64. In March 2000 the European Commission announced that it would undertake both a study on competition between the various types of alcoholic drinks and a consultation exercise. It promised to report by the end of 2000.[75] The competition study became available in February 2001. The Commission's report of its review is awaited.

65. The competition study said that the minimum rates had produced an effect in some member states when they were first introduced; seven states had been required to increase their rates in order to comply with the new minimum. But since the minimum had not changed since 1992, it was becoming less relevant each year due to inflation. Four member states now had rates below what would have been necessary in an indexed minimum. The study concluded that the minimum rates policy was "generally ineffective in its current form".[76]

66. To its credit the European Commission recognised from the start that the removal of fiscal frontiers would, without approximation of national rates of excise duty, lead to the consequences that have become manifest: increased cross-border shopping, fraud and smuggling. Its proposals for common rates of duty, and, later, levels of minimum rates higher than those which now apply were both rejected by the Council of Ministers who eventually adopted the present Directive.[77] To say that the system has created anomalies in the application of a single market in alcoholic drinks is an understatement. The Scotch whisky industry has argued strongly that the minimum rates system enshrines discrimination against spirits.[78]

67. Under the terms of Directive 92/82/EEC, the Commission is required to undertake a review every two years and, if necessary, recommend proposals for change. The first report, in 1995, made no proposals for change, but merely called for further consultation. The UK Government called then for the retention of fiscal sovereignty but argued that the existing minimum rate on spirits discriminated against the spirits industry and acted as a barrier to EU trade.[79] No reviews were undertaken in either 1996 or 1998 despite the requirement of the Directive, and the situation remains essentially as it was in 1992.

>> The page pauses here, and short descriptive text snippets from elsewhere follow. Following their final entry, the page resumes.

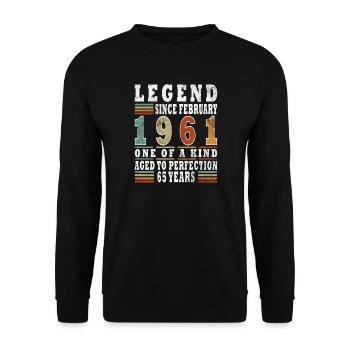 Février 1961 Jubilé 1961 Légendes Février - Sweat-shirt Unisexe - noir - Devant - Alina (178cm) & Michal (187cm)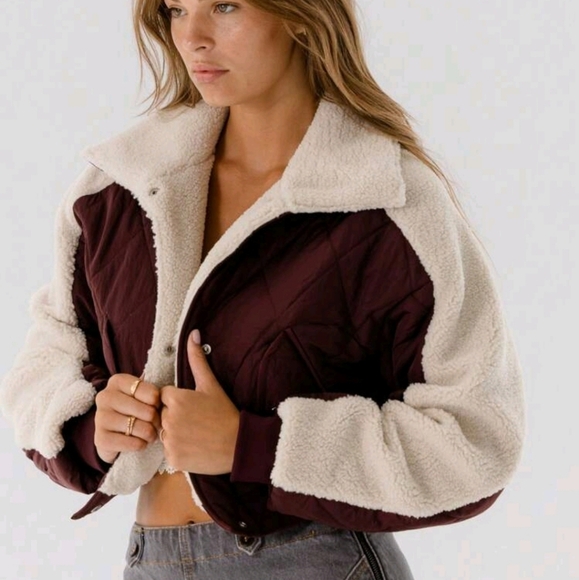 Women Shearling Collar Oversized Quilted Padded Jacket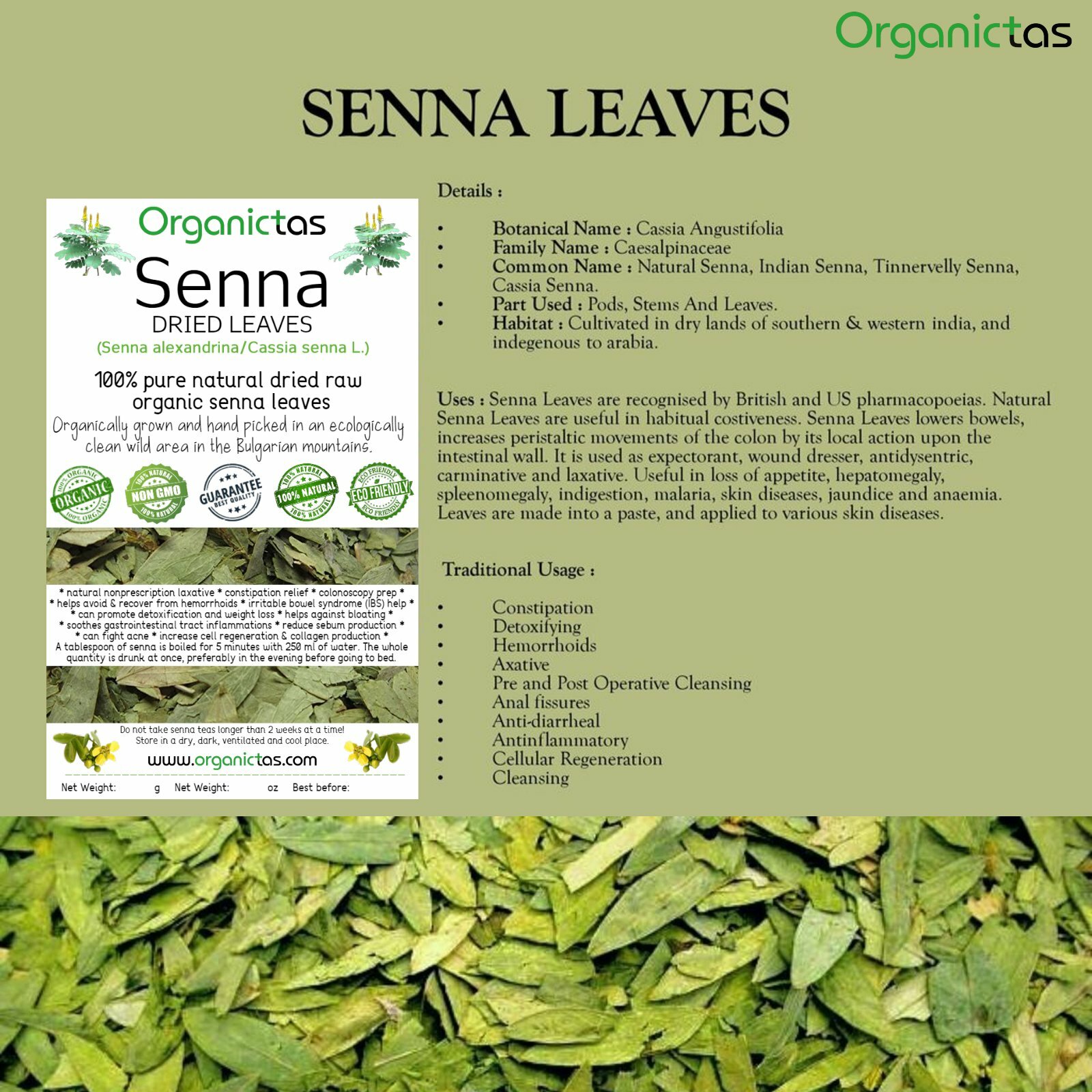Organic SENNA LEAVES Herbal Tea Constipation Detox Weight Loss Premium Quality
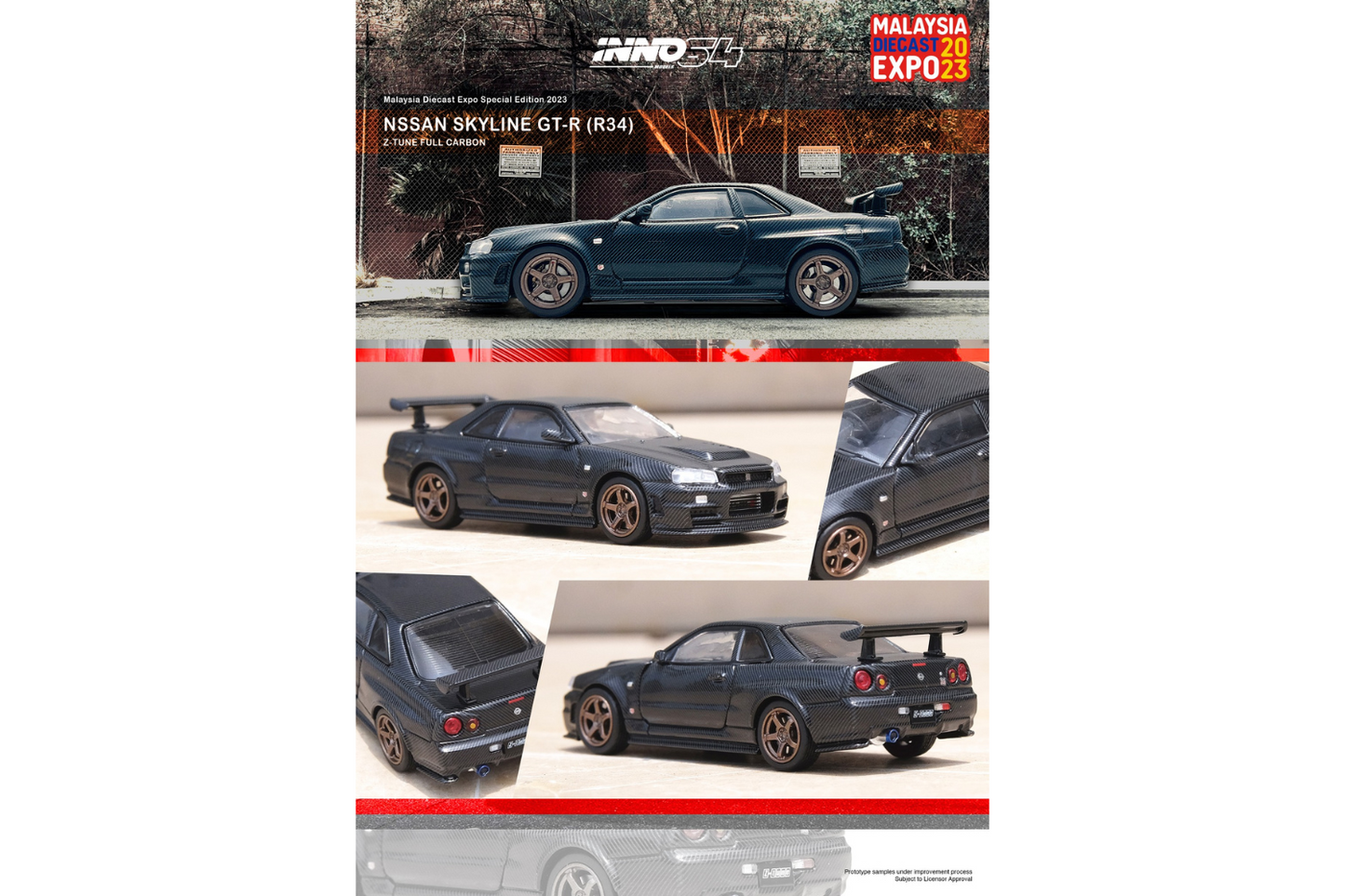 Inno64 Nissan Skyline GT-R (R34) Z-Tune in Full Carbon - Malaysia Diecast Expo 2023
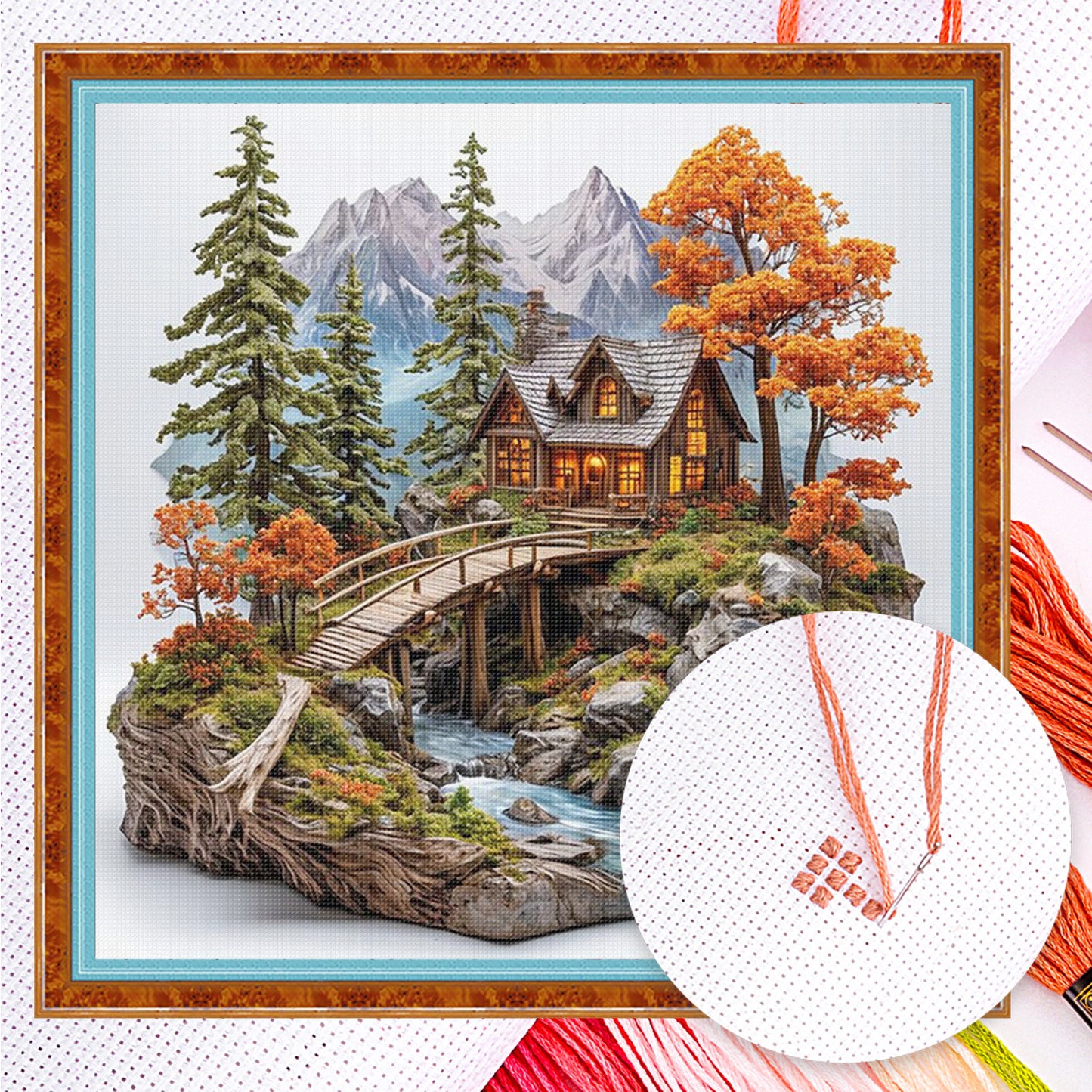 Autumn Scenery - Full 11CT Counted Cross Stitch 50x50CM - Huacan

68. The opinion advanced by the UK Government at the time of the 1995 review, that the structure of taxes imposed on different alcohols discriminated against spirits and is a barrier to free trade within Europe, remains accurate. Furthermore, it seems to us that the current structure of minimum rates, which sets a zero rate on wine, a low rate on beer and a high rate on spirits[80] runs counter to the ethos of the Single European Market. Some 40 per cent of all UK spirits are sold within the EU.[81] A move towards a more equitable structure dispensing with an unjustifiable system of discriminatory taxation would be of considerable benefit to the Scottish spirits industry and the UK economy. This is not a call for fiscal harmonisation. The minimum rates system is badly flawed and in need of change, it is though accepted. It should be possible in the short-term to use the existing basic structure to devise an adjustment which would set minimum and maximum rates, or an area of permissible divergence from a central norm, which would be more democratic in terms of the EU market in alcoholic drinks.

69. The Financial Secretary to the Treasury expressed to us the Government's concern about the current system. He believed changes to the level of rates should be made. He said: "We want to see the minimum rates for spirits reduced".[82]

70. One way or another greater fairness must ultimately be introduced. The current minimum rates system is in need of reform. In the meantime, we would, at the very least, expect there to be proper attention to procedures. The failure by the European Commission to produce the requisite reviews in 1996, 1998 and 2000 is a dereliction of duty which we criticise in the strongest terms. During oral evidence, the Financial Secretary to the Treasury gave us an assurance that he would "write to the relevant Commissioner"[83] about the matter. It is hard to discern why efforts at ministerial level have required our prompting. We believe that the UK Government should continue to argue in favour of the reform of the existing minimum rates system, which, it acknowledges, discriminates against spirits. The system, unsatisfactory from the start, is now well past its sell by date. There is no more basis for the discrimination against spirits at the EU level than in UK taxation. We believe that similar criteria should apply.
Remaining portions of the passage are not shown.